> [Task objective]
The expected answer is the set of lines in the data below between the line holding "12V DC 1000mA" and the line holding "Under Armour Sweatshirts", inclusive, written out exactly.

> [Data to use]
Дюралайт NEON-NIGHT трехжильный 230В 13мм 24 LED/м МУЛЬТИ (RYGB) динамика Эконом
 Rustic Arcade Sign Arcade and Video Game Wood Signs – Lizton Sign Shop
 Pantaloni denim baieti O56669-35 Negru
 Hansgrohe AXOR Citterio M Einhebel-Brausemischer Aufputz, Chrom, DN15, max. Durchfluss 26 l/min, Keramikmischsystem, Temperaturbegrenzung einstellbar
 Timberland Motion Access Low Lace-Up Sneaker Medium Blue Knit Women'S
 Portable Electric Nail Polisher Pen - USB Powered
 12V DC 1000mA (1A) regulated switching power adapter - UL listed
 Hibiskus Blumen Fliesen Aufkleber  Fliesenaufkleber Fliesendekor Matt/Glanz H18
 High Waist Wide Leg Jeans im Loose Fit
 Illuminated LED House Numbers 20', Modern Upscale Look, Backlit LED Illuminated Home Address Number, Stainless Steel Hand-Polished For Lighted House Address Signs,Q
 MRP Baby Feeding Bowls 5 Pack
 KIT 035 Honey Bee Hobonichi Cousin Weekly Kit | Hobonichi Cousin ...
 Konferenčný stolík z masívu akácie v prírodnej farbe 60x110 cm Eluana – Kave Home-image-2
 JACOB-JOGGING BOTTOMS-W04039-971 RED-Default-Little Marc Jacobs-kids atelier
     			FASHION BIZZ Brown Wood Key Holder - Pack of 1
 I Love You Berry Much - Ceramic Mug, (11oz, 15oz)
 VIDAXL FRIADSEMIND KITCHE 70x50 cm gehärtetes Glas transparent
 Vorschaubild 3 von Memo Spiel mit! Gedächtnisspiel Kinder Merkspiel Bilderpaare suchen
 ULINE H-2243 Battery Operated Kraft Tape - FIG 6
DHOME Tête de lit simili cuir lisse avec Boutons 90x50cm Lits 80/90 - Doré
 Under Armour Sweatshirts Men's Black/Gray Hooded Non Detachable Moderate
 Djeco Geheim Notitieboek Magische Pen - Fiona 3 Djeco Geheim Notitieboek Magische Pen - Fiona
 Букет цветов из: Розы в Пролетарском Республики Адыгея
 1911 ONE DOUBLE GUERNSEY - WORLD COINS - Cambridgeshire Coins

> [Written reply]
 12V DC 1000mA (1A) regulated switching power adapter - UL listed
 Hibiskus Blumen Fliesen Aufkleber  Fliesenaufkleber Fliesendekor Matt/Glanz H18
 High Waist Wide Leg Jeans im Loose Fit
 Illuminated LED House Numbers 20', Modern Upscale Look, Backlit LED Illuminated Home Address Number, Stainless Steel Hand-Polished For Lighted House Address Signs,Q
 MRP Baby Feeding Bowls 5 Pack
 KIT 035 Honey Bee Hobonichi Cousin Weekly Kit | Hobonichi Cousin ...
 Konferenčný stolík z masívu akácie v prírodnej farbe 60x110 cm Eluana – Kave Home-image-2
 JACOB-JOGGING BOTTOMS-W04039-971 RED-Default-Little Marc Jacobs-kids atelier
     			FASHION BIZZ Brown Wood Key Holder - Pack of 1
 I Love You Berry Much - Ceramic Mug, (11oz, 15oz)
 VIDAXL FRIADSEMIND KITCHE 70x50 cm gehärtetes Glas transparent
 Vorschaubild 3 von Memo Spiel mit! Gedächtnisspiel Kinder Merkspiel Bilderpaare suchen
 ULINE H-2243 Battery Operated Kraft Tape - FIG 6
DHOME Tête de lit simili cuir lisse avec Boutons 90x50cm Lits 80/90 - Doré
 Under Armour Sweatshirts Men's Black/Gray Hooded Non Detachable Moderate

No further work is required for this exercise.